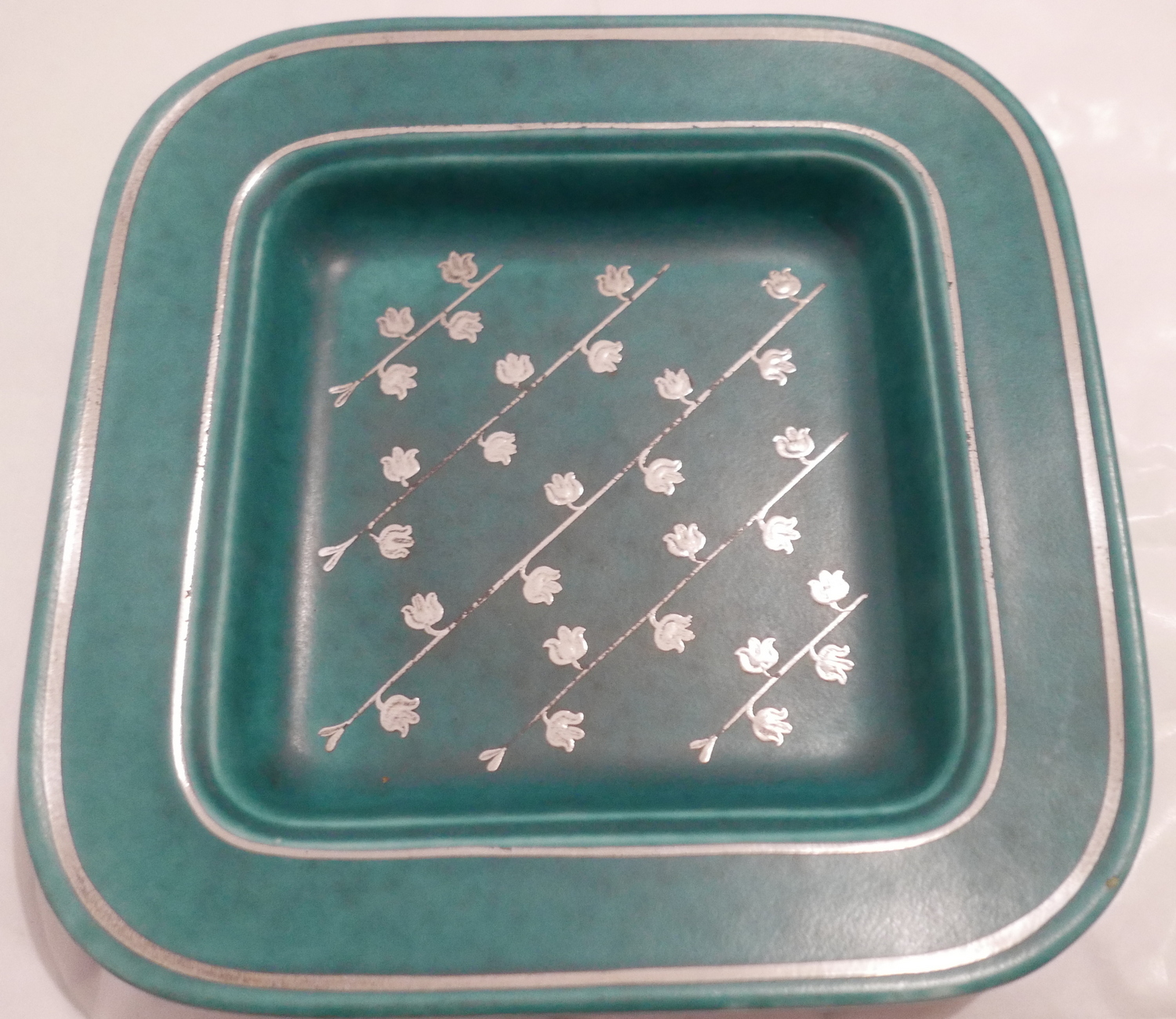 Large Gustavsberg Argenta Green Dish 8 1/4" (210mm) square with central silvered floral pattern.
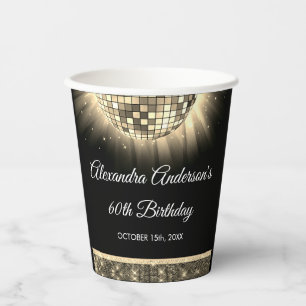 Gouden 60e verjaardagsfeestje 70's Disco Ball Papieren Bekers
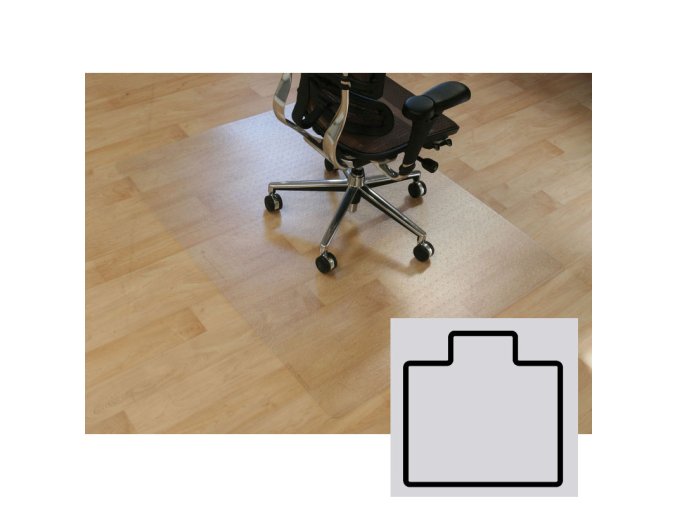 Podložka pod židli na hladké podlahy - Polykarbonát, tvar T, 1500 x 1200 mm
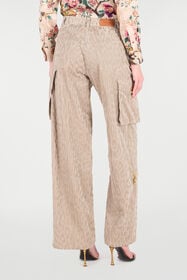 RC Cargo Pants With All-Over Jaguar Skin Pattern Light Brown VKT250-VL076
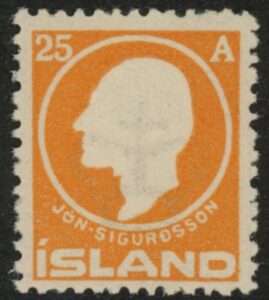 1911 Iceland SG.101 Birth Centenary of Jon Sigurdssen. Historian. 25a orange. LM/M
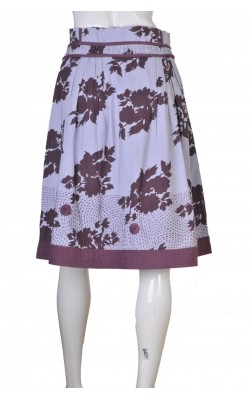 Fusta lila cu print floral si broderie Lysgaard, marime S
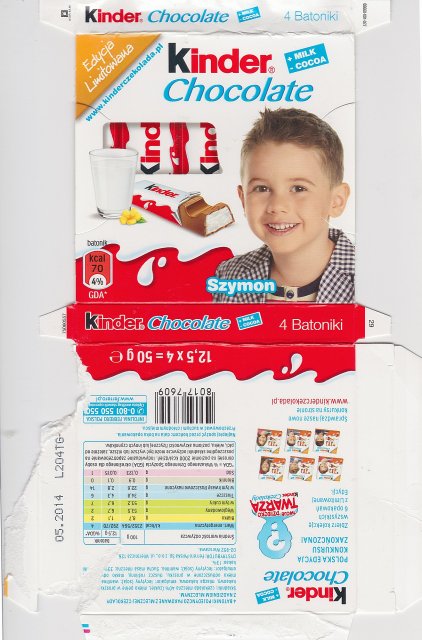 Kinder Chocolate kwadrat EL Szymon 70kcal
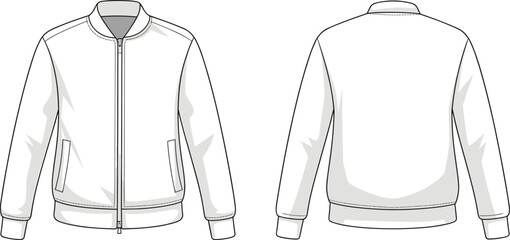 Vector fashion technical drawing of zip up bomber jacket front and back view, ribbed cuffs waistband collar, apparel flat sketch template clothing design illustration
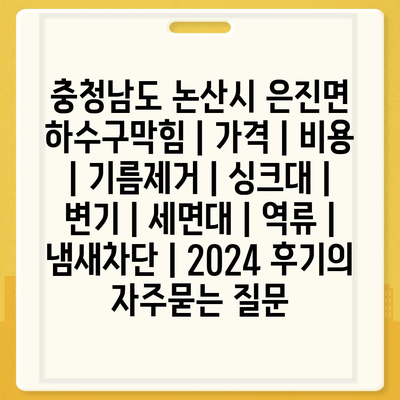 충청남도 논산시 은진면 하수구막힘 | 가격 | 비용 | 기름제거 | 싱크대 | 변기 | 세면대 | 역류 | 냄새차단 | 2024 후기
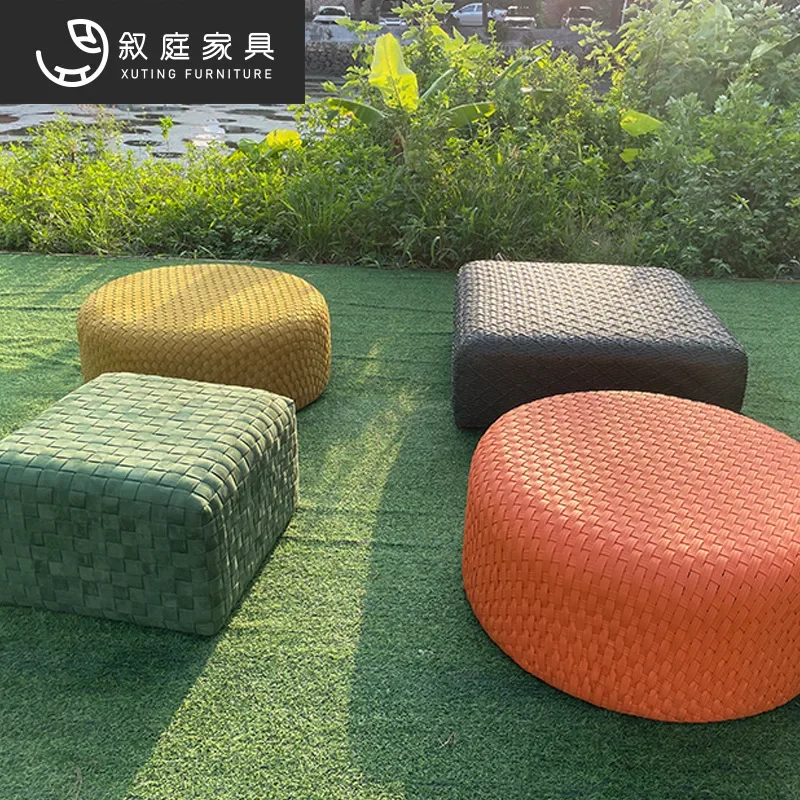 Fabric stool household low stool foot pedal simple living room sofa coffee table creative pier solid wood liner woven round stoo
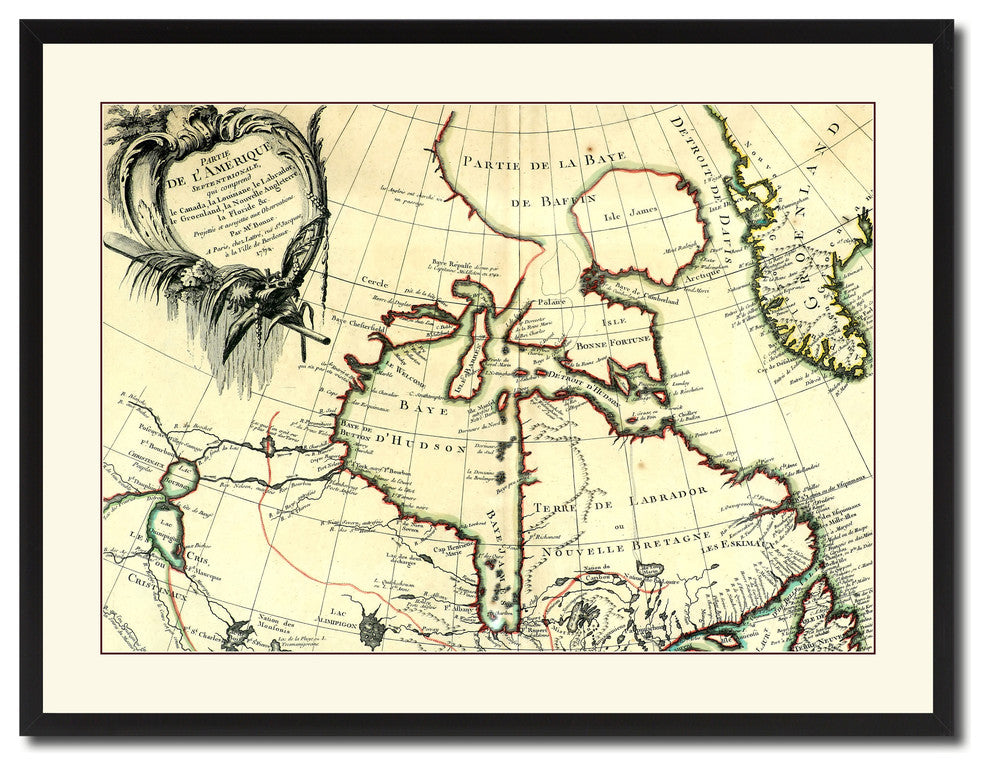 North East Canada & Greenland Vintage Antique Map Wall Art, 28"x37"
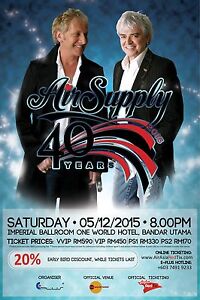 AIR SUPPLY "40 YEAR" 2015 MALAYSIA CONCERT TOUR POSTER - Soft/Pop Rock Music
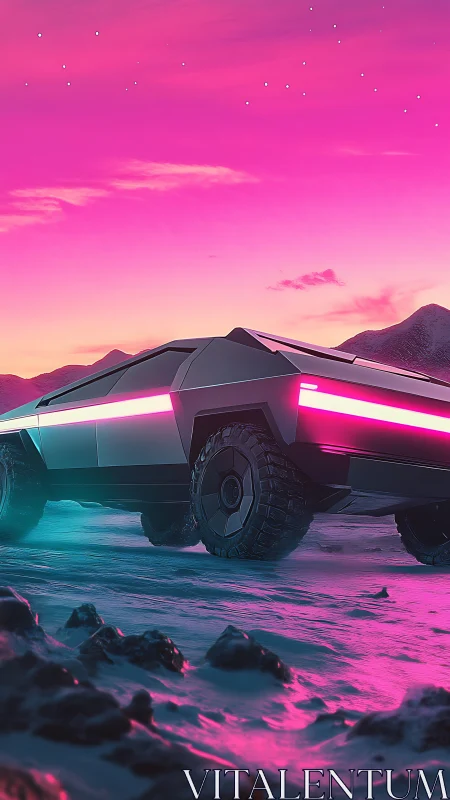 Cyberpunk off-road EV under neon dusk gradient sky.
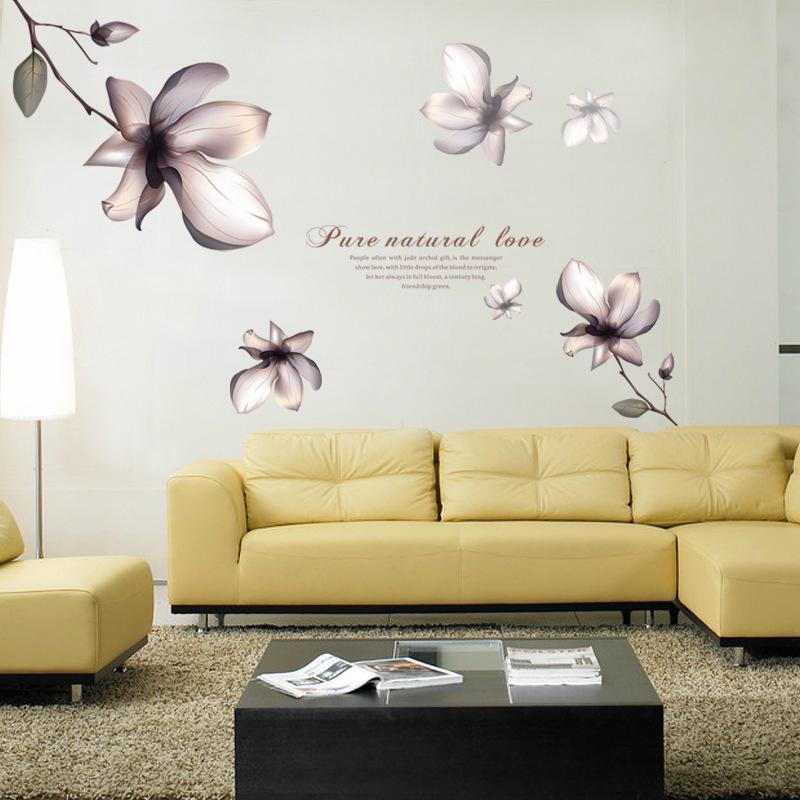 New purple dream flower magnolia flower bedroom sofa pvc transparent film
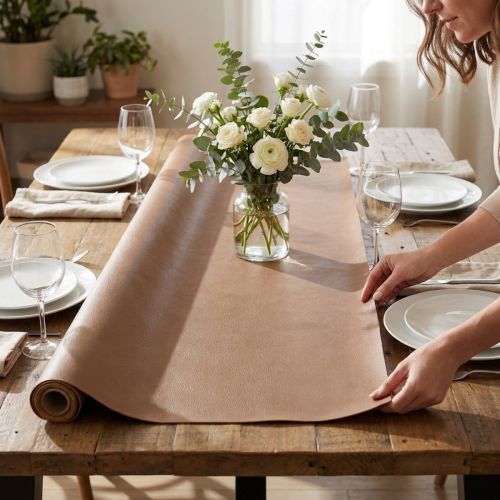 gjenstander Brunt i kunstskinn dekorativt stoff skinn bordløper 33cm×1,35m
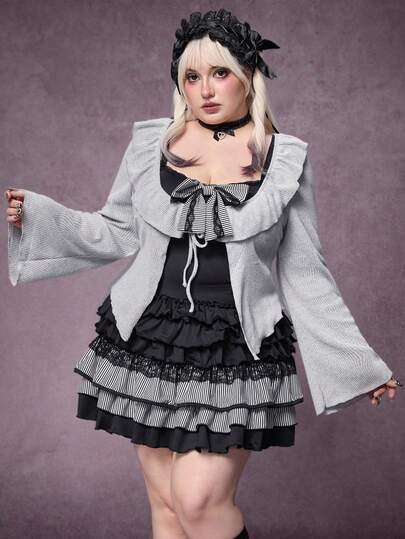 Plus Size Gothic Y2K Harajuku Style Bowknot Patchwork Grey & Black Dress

* * * * * * * * *

### Directions
Copy exactly and only this span: the line with "North East Canada" through the final line of the entries, both ends included, with the pictures left out.

### Solution for this problem
 North East Canada & Greenland Vintage Antique Map Wall Art, 28"x37"
 AIR SUPPLY "40 YEAR" 2015 MALAYSIA CONCERT TOUR POSTER - Soft/Pop Rock Music
 Cyberpunk off-road EV under neon dusk gradient sky.
 New purple dream flower magnolia flower bedroom sofa pvc transparent film
 gjenstander Brunt i kunstskinn dekorativt stoff skinn bordløper 33cm×1,35m
 Plus Size Gothic Y2K Harajuku Style Bowknot Patchwork Grey & Black Dress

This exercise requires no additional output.